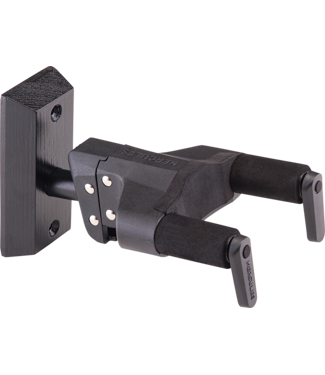 Hercules Hercules Universal AutoGrip Wall Mount Guitar Hanger, Black Wood Base, Short Arm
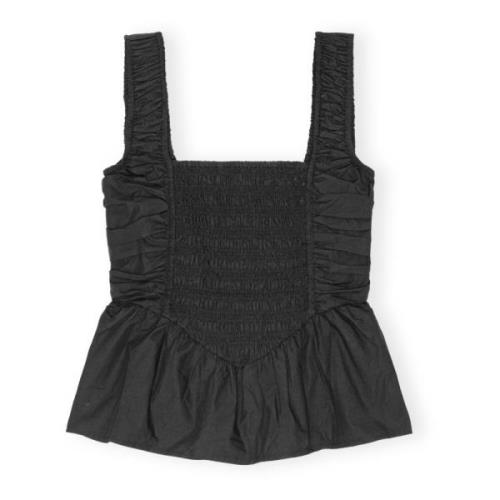 Ganni Svart Poplin Smock Strap Blus Black, Dam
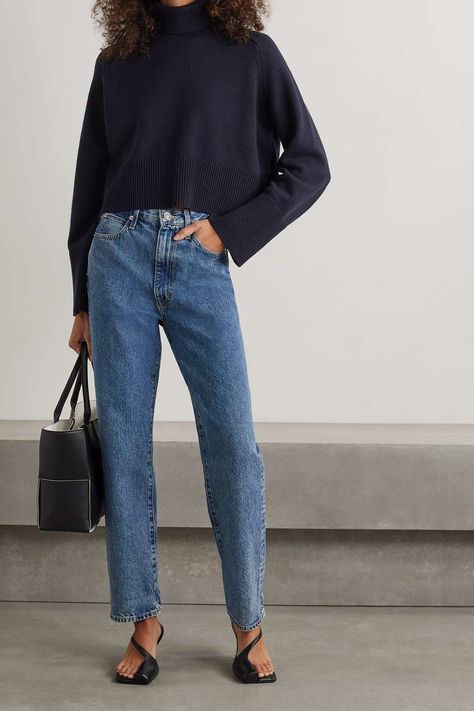 Turtle Neck Street Style, Blue Jean Outfits, Turtleneck Outfit, Cashmere Turtleneck, Michael Kors Collection, Casual Denim, Jean Outfits, Net A Porter, In Fashion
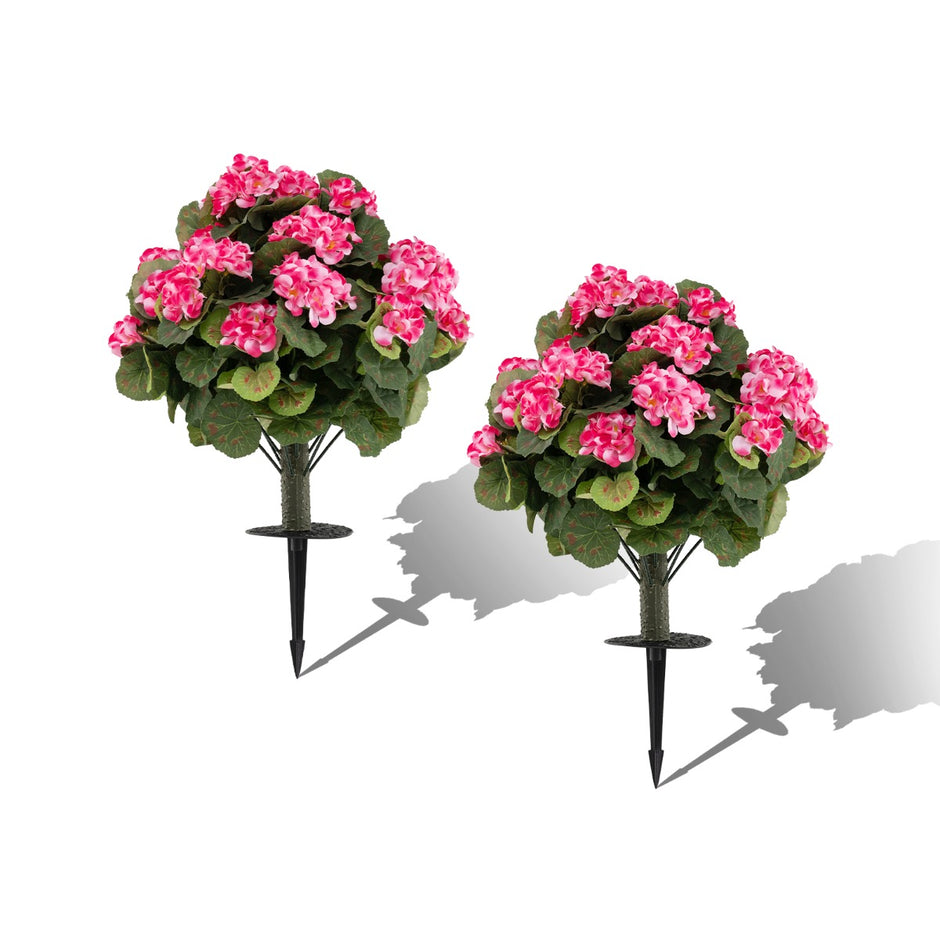 Delnings – Set Konstgjorda Pelargoner Med Realistisk PE Stam och Silkblommor Blad – 2 – Rosa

• WORK REQUIRED
Retype each line of the listing above word for word. Exclude the pictures.

• OUTPUT FOR THIS EXERCISE
 Hercules Hercules Universal AutoGrip Wall Mount Guitar Hanger, Black Wood Base, Short Arm
 Ganni Svart Poplin Smock Strap Blus Black, Dam
 Turtle Neck Street Style, Blue Jean Outfits, Turtleneck Outfit, Cashmere Turtleneck, Michael Kors Collection, Casual Denim, Jean Outfits, Net A Porter, In Fashion
 Delnings – Set Konstgjorda Pelargoner Med Realistisk PE Stam och Silkblommor Blad – 2 – Rosa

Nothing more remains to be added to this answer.